LA NUOVA CASTA di Paolo Bagnoli

26 aprile 2018

LA NUOVA CASTA di Paolo Bagnoli

Chissà se quei cittadini, sempre citati dai vincitori delle recenti elezioni politiche quali destinatari di profetici cambiamenti, si sono resi conto di quanto sta avvenendo; vale a dire, dell´arrivo al potere di una vera e propria casta; ossia, di una classe politica tanto più inesperta e arruffona quanto più ama presentarsi alla stregua di un ceto sacerdotale di un cambiamento che, si ripete fino alla noia, il Paese aspetta da trent´anni. Il fenomeno è il prodotto del vuoto politico nel quale siamo immersi dall´inizio degli anni Novanta; esso morde fortemente le istituzioni e, nella tragica contesa tra populisti e demagoghi, grazie a una legge elettorale malpensata, non emerge una classe politica degna di questo nome. Emergono solo dei vincitori guidati da capi politici che si atteggiano, e si muovono, come i nuovi arroganti padroni della Repubblica.

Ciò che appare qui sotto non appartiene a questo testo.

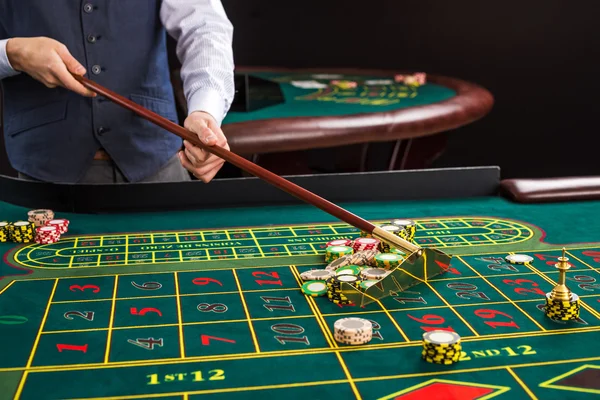 Croupier verzamelt chips met behulp van de stick in casino. — Stockfoto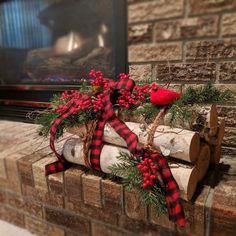 a red bird sitting on top of a log next to a fire place with christmas decorations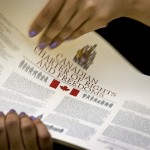 photo of two hands holding a printed copy of the Canadian Charter of Rights And Freedoms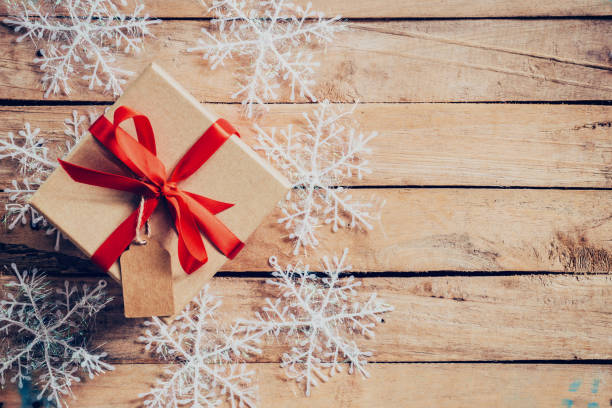 istock Christmas gift boxes placed and white snowflakes on wooden planks with space. 840940278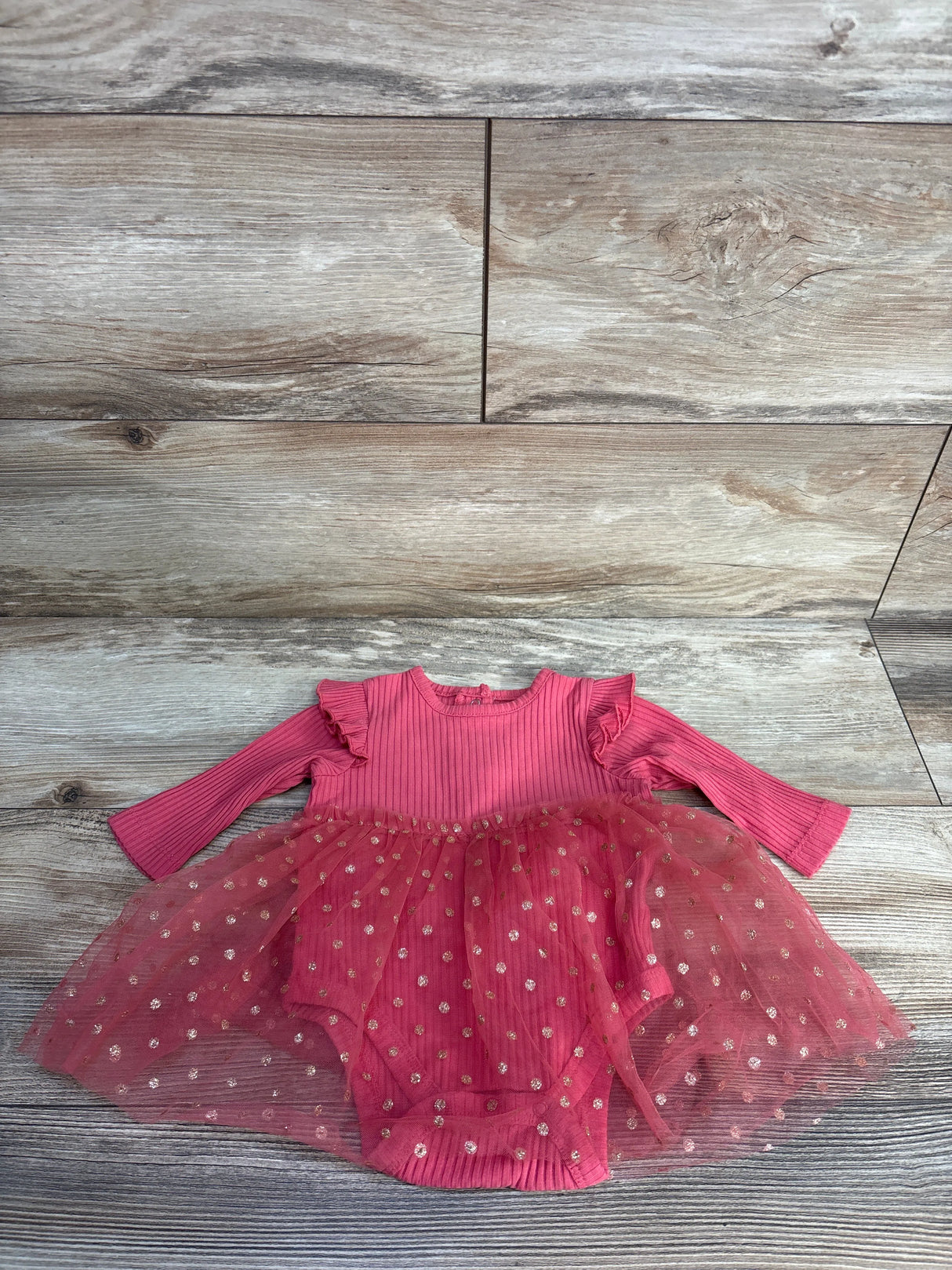 Pink baby girl dress with ruffled long sleeves and dotted tulle skirt on wood floor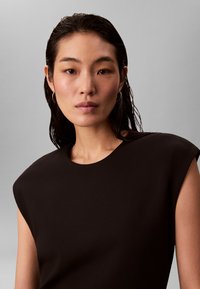 Svart ermeløs topp med rund hals og strukturert skulderdesign. Jevnt stoff med en subtil glans.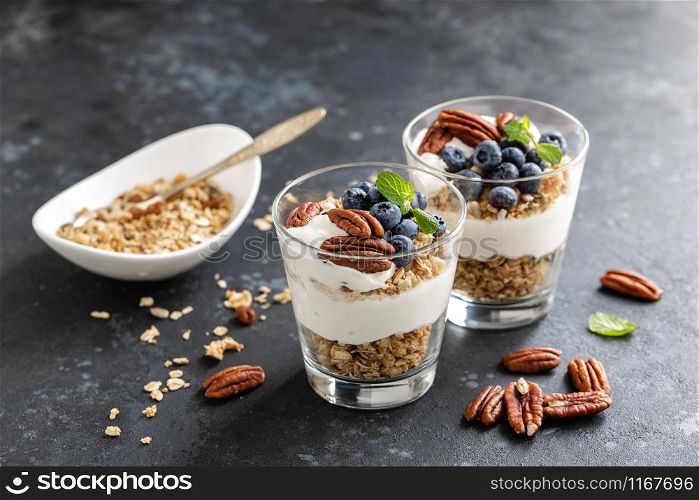 Blueberry parfait with ricotta cheese, granola and pecan nuts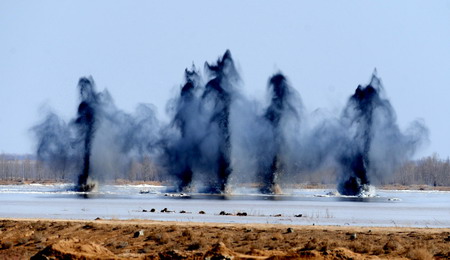 The explosions are seen as they break the ice of the dangerous Minjibu Reach of the Yellow River under the bombardment in Tumd Right Banner of north China&apos;s Inner Mongolia Autonomous Region on March 22, 2010. 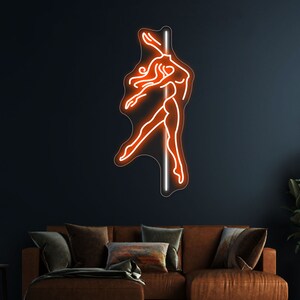 K&ouml;nnte beinhalten: Ein orangefarbenes Neon-Schild, das eine Frau zeigt, die an einer Stange tanzt. Das Schild ist an einer dunklen Wand &uuml;ber einem braunen Ledersofa angebracht.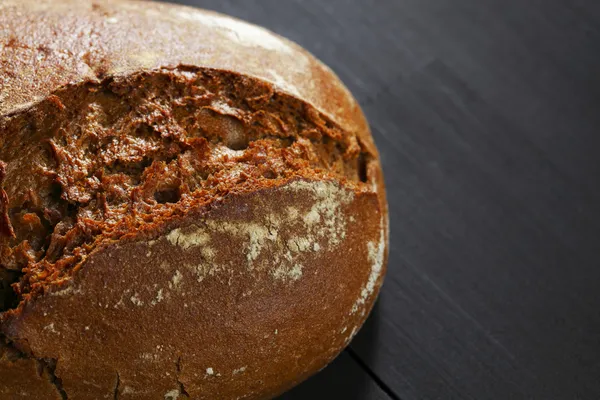 Whole black bread on table — Stock Photo, Image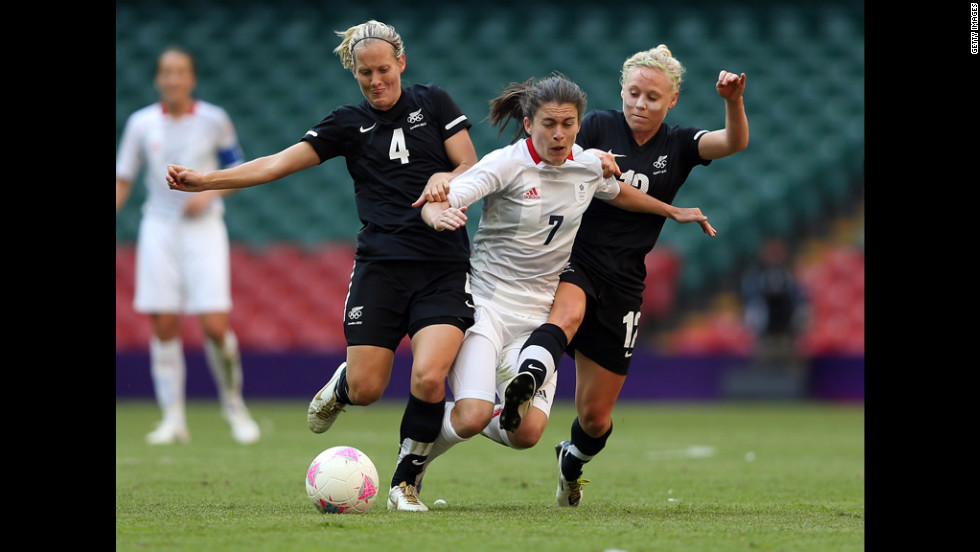 Katie Hoyle, left, of New Zealand and teammate Betsy Hassett challenge Karen Carney of Great Britain during their match in the first round of women&#39;s soccer in the London 2012 Olympic Games at Millennium Stadium on Wednesday, July 25, in Cardiff, Wales.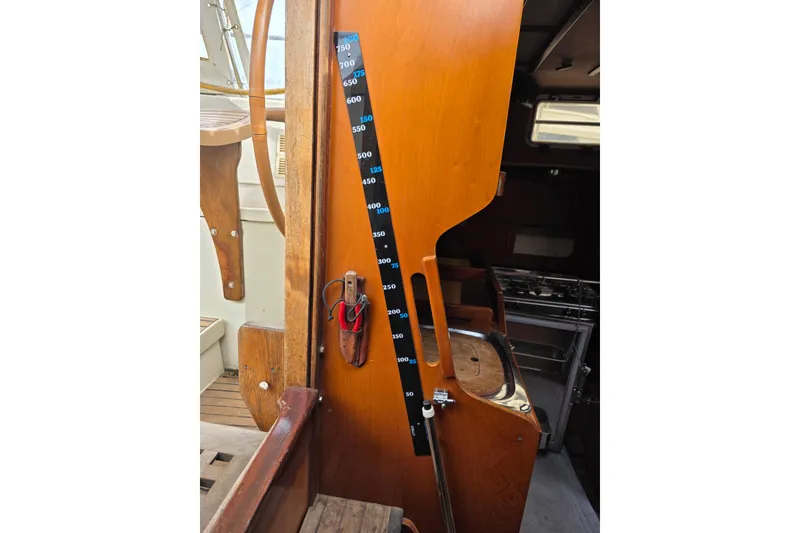 Slide: The Image of Interior of 1988 Amel Sharki sailboat with wooden panel and measurement scale. - 12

Lo Stato è il campo proprio della politica. La democrazia è il sistema che, avendo a fondamento la sovranità popolare, mette a confronto i progetti di governo inerenti tutto quanto riguarda lo Stato: sia come ordinamento che insieme sociale. La lotta politica si alimenta nel confronto di idee, ideali e proposte concrete, ma esso, presuppone, un´idea del Paese: storica, culturale, civile, economica e sociale. Di tutto ciò non abbiamo nemmeno l´ombra. Un dibattito vero latita, lo spasmo governista prevale su ogni altra cosa; il senso del padronato della cosa pubblica prevale e, impunentemente, si può sostenere tutto e il contrario di tutto al fine di arrivare, pur nella divaricazione dei programmi, a una maggioranza di governo quale prova provata che i "nuovi" sono arrivati; una volta insediati, ai cittadini non rimane altro che sperare. Ma se la speranza del nuovo - grande illusione introdotta per primo da Matteo Renzi - si basa sulla cancellazione di una classe politica e pure di un metodo e di uno stile istituzionale - questioni non secondarie relativamente all´etica repubblicana - non ci vuol molto a capire che essa è stata vana e pure truffata da una prepotenza pericolosa; infatti, su una falsa morale, manichea e autoreferenziale, viene strumentalizzato il malessere esistente al fine esclusivo di ottenere un profitto privatistico. La conclamata nuova politica - "il governo del cambiamento" come lo si vuol chiamare senza fantasia rubando l´espressione a Pier Luigi Bersani che l´aveva adottata quando ebbe l´incarico - legittima, in tal modo, un nuovo ceto che ha nella propria autoaffermazione la ragione della propria esistenza al di fuori di ogni dimensione realmente morale e progettuale. Il confronto ,ma la cosa va avanti da tempo, è sostituito dai caroselli dei vari leader tra fette di popolo cui è chiesto solo di stare passivamente a guardare poiché, fatta eccezione per l´atto del voto, il loro dovere è esclusivamente quello di affidarsi o a un capo oppure addirittura a un computer. In tal modo il distacco tra i cittadini e lo Stato, che si dice di voler recuperare, è destinato ad aumentare. Così andando le cose, il binomio populismo-demagogia condurrà inevitabilmente a una "democrazia affidataria"; un qualcosa di simile a quella "non liberale "teorizzata in Ungheria.

L´Italia è di fronte a un passaggio stretto e delicato. In gioco vi è la concezione stessa dello Stato di diritto e dei diritti; pensare che esistano soluzioni salvifiche è ingenuo in quanto ciò conduce sempre a una necessità messianica che contrasta con la concezione della democrazia, dei suoi valori e della sua capacità di coniugare quanto è "civile" con quanto è "sociale". La democrazia, cioè, non necessita di casta alcuna, ma di un ritorno deciso ed eticamente motivato alla politica se vogliamo che lo Stato democratico rimanga tale e si rafforzi ulteriormente.